Robots of the future will need to work in teams to accomplish tasks. However, effective teamwork will require coordination among the robots - game theory is one way to provide coordination. This step introduces the basics of game theory.

Game theory for robot teams

Advances in control and automation have made it possible for robot teams to work together in order to complete a task. When robots work together in such as way, the action of each robot in the team influences the actions of the other robots. Therefore, if the robots need to work independently, a coordination mechanism among the robots is needed. Game theory provides such a mechanism.

Game theory: In game theory, each robot is considered to be a player of a game and receives rewards dependent on the actions of the whole robotic team.

Reward: A reward is a stimulus used to indicate a desired outcome has been achieved. A reward for humans is context-dependent, e.g. a gold medal for winning a race, but for robots is usually arbitrary, e.g. a 0 for no reward, or a 1 for a reward.

Using game theory, if all robots work in a coordinated way to accomplish a task, each robot will receive a positive reward. Therefore, the goal of the game is for the team to find a coordinated solution that will maximise the rewards for each robot and the total reward of the whole team.

A simple game for two unmanned air vehicles

Consider two Unmanned Aerial Vehicles (UAVs) flying towards each other from opposite directions. They can fly either at high or low altitude. The goal of the two UAVs is to fly at different altitudes in order to avoid collision.

The interaction between the two UAVs can be described by the game depicted in the table below. In this game:

  • One UAV is modelled as a ‘row player’ and the other is a ‘column player’.
  • If both UAVs fail to coordinate by choosing to fly at the same altitude, they will not receive any reward (i.e. 0).
  • Each UAV receives a positive reward (i.e. 1) if they avoid collision by flying at different altitudes.

In the game, the rewards of the robot team are represented by a matrix, as shown in the table below.

    Column Player  
    Fly at high altitude Fly at low altitude
Row Player Fly at high altitude 0,0 1,1
  Fly at low altitude 1,1 0,0

In game theory, a solution in the table with reward 1,1 is known as a Nash equilibrium.

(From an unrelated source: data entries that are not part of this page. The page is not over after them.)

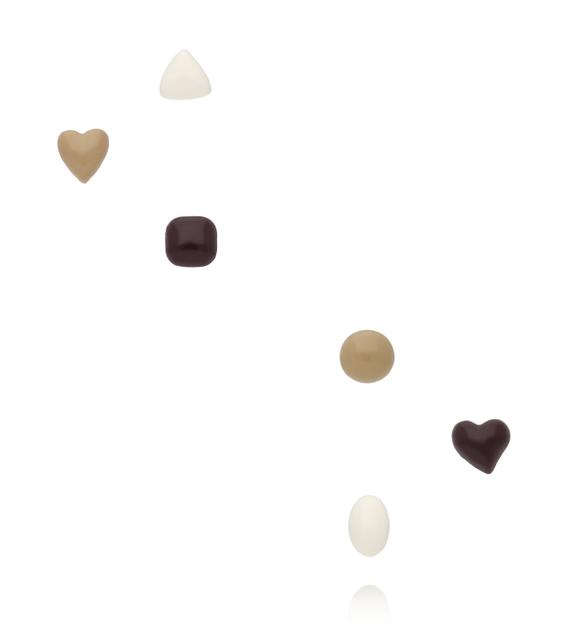 Zestaw kolczyków w neutralnej palecie z różnymi formami KMB0050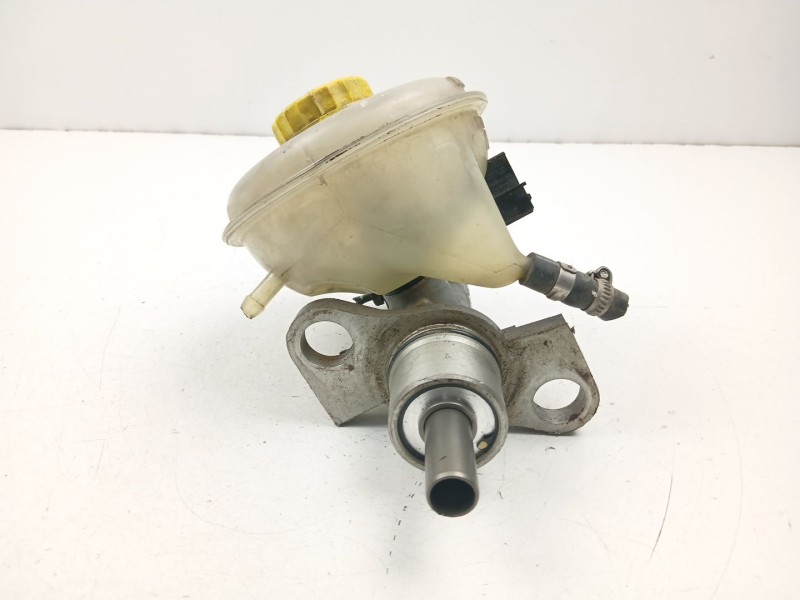Recambio de bomba de freno para audi a4 b5 (8d2) 1.9 tdi referencia OEM IAM 8D0611021B  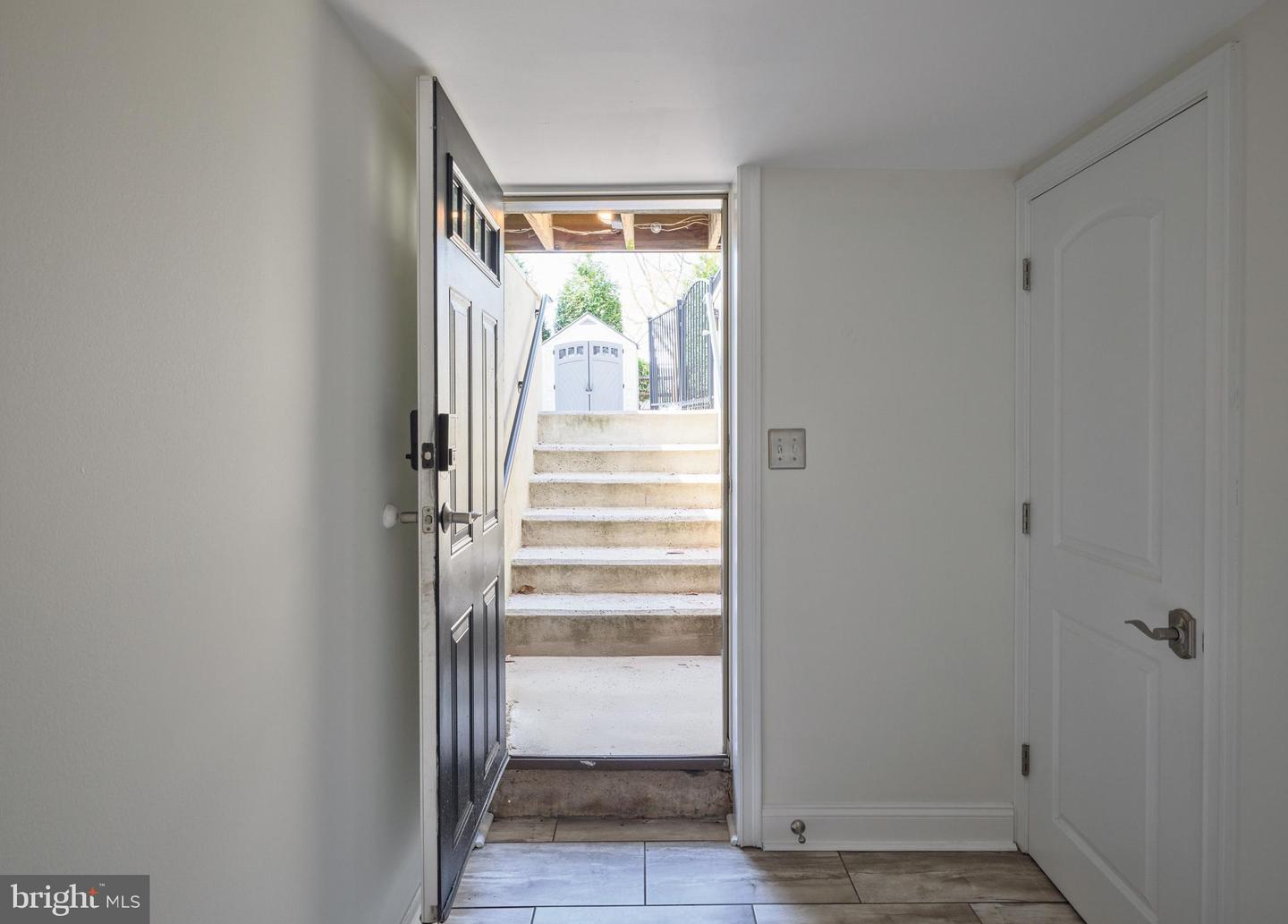 770 Sweetbriar Dr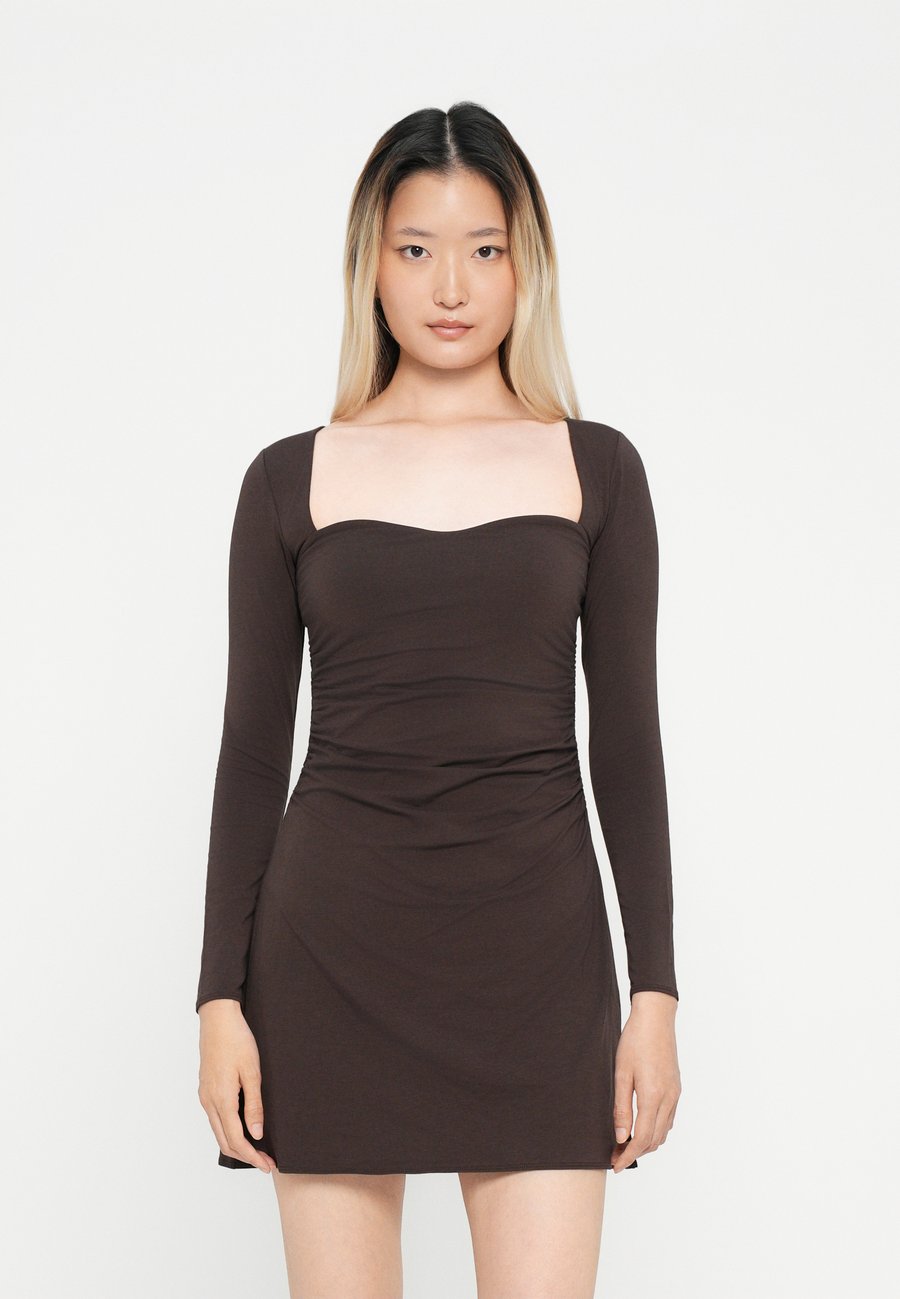 

Платье Abercrombie & Fitch SWEETHEART MINI DRESS , Brown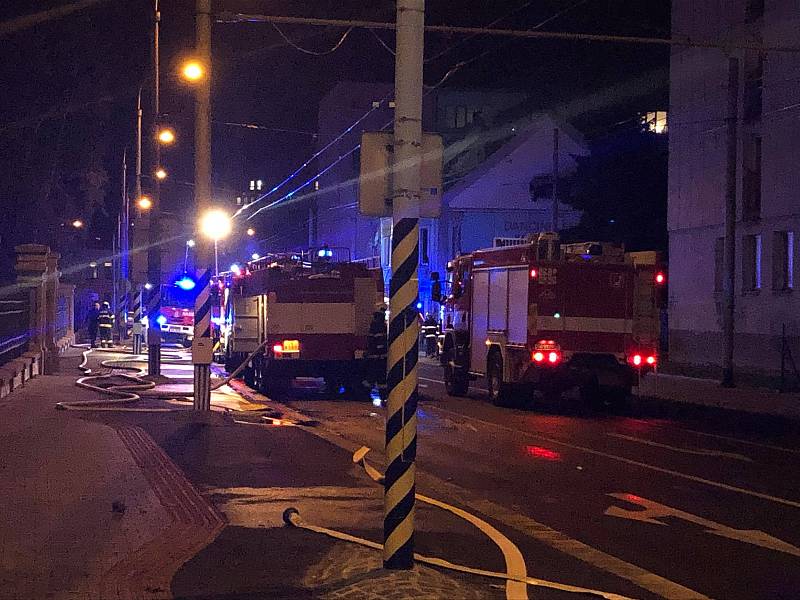 Objekt bývalého kabaretu v českobudějovické Průmyslové ulici v neděli večer zachvátil požár.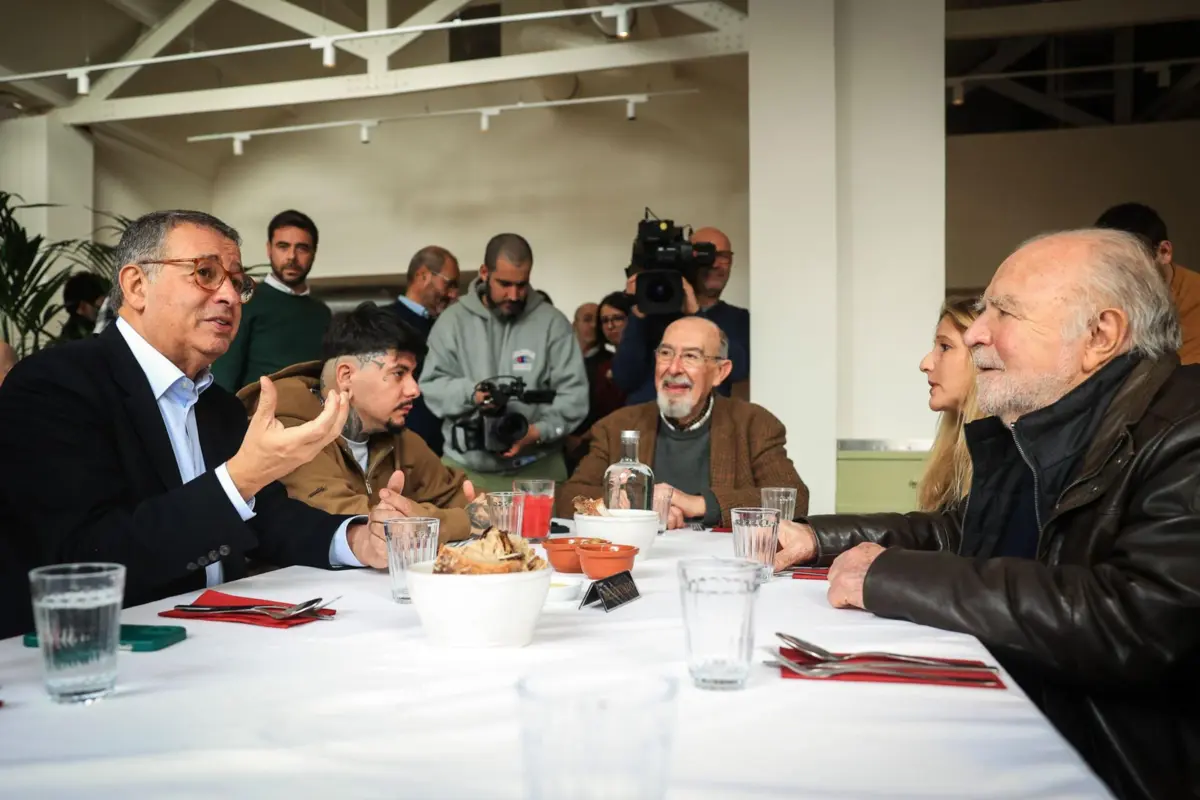 Imagem de contexto do artigo Seguro lamenta mortes e pondera visitar zonas afetadas pelo temporal, Ventura defendeu nomeação do PGR pelo Presidente em 2022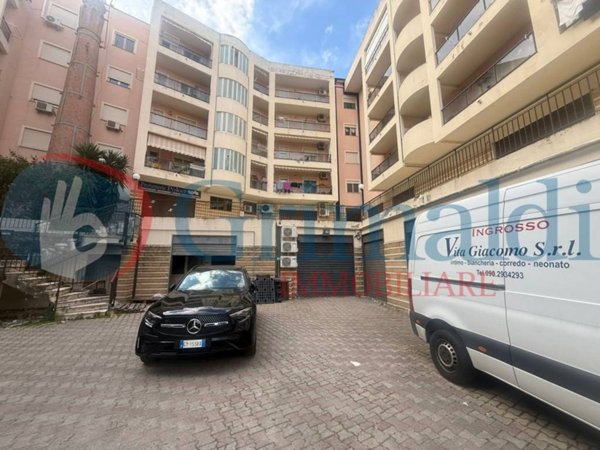 locale commerciale in vendita a Messina in zona Minissale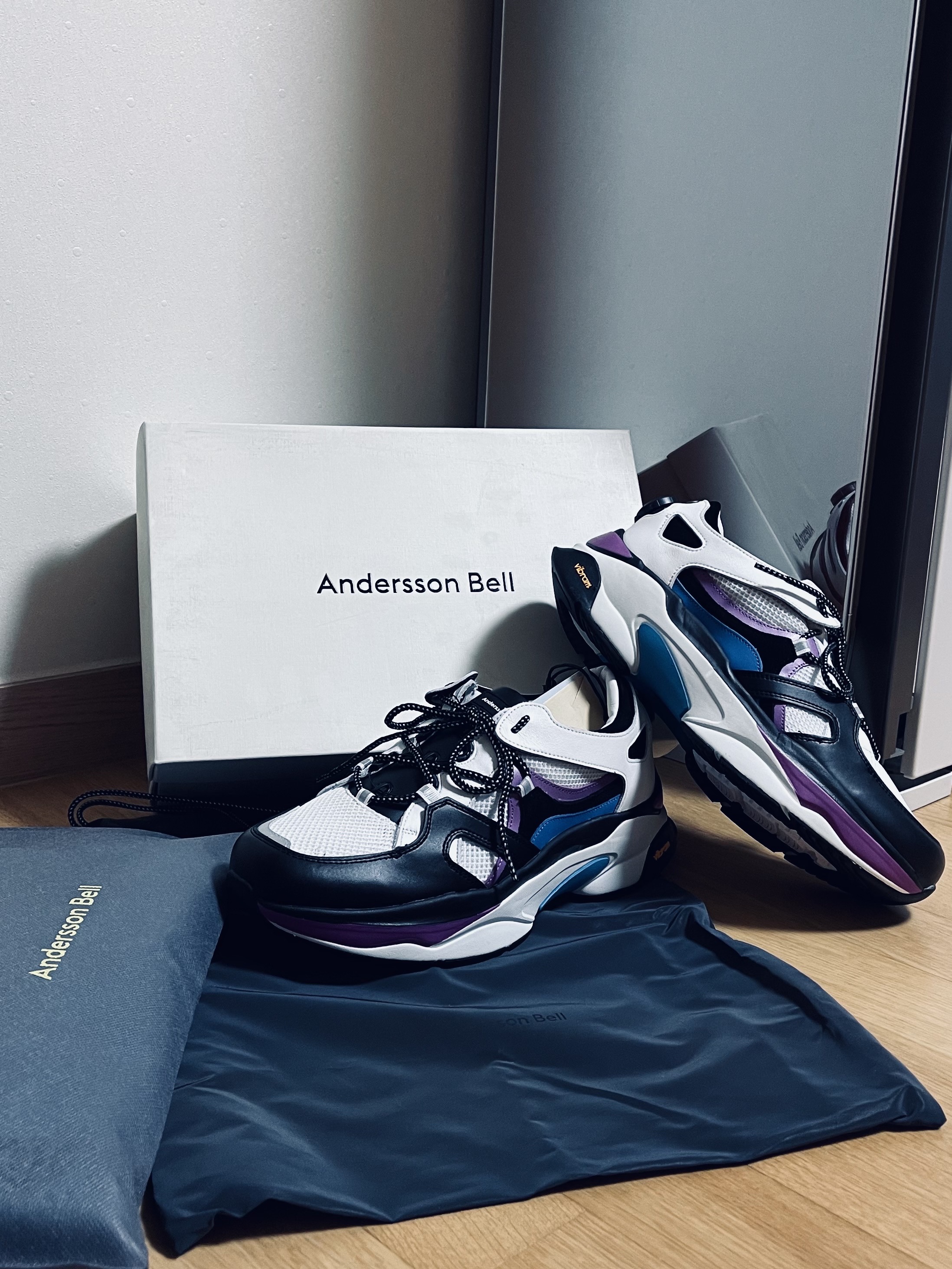 Asics x Andersson Bell Gel-1090 Black Silver 착용 스타일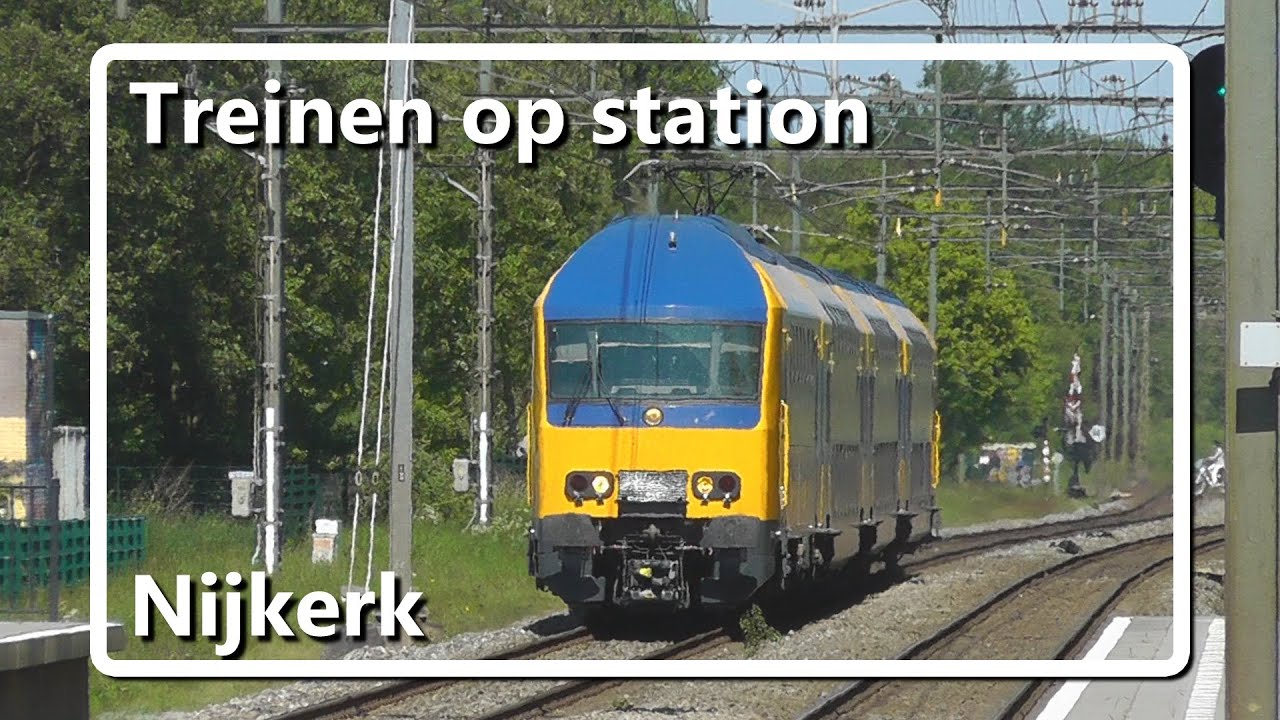 Treinen op station Nijkerk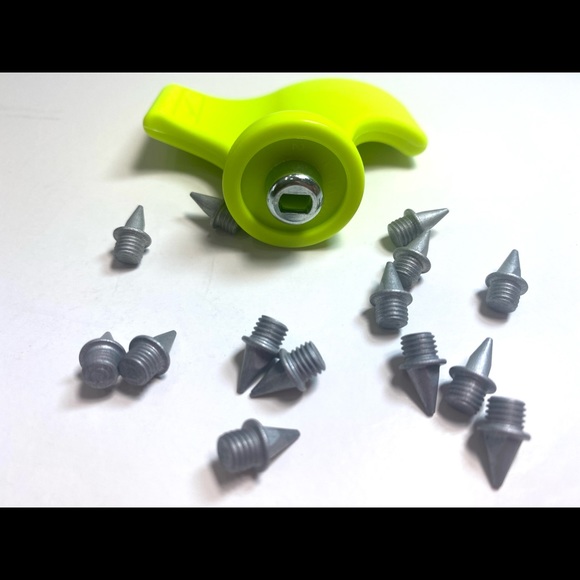 Nike Track and Field 14 Metal Spikes, Wrench Tool, Bag - Picture 4 of 6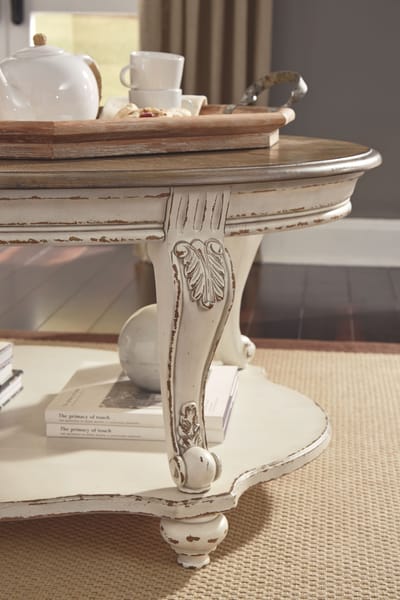 Ashley Living Room Realyn Coffee Table T743-0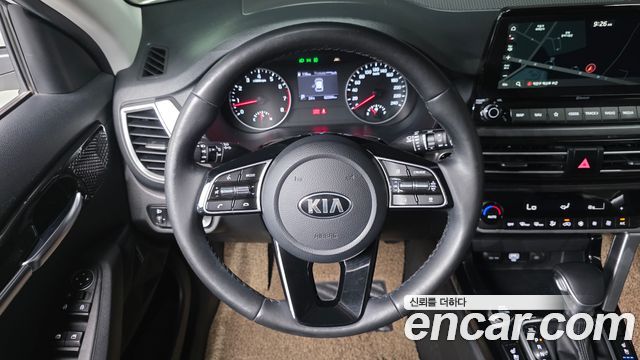 Kia Seltos Gasoline 1.6 Turbo 2WD Signature 2022 — фото 13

Nash equilibrium. A Nash equilibrium is a solution to a non-cooperative game where each player, knowing the playing strategies of their opponents, have no incentive to change their own strategy.

Note that once in a Nash equilibrium a player will be worse off by changing their strategy.

Example: In the UAV example above, once the UAVs are in a Nash equilibrium with reward 1,1 (representing one UAV flying high, one UAV flying low, and both avoiding a collision), if one UAV changes altitude, this will result in a collision - i.e. the UAV would be worse off by changing strategy.

Learning algorithms in game theory

Game-theoretic learning algorithms can be used as a coordination mechanism among the robots. These are iterative processes where the same game is repeatedly played until either coordination is achieved or the maximum number of iterations is reached.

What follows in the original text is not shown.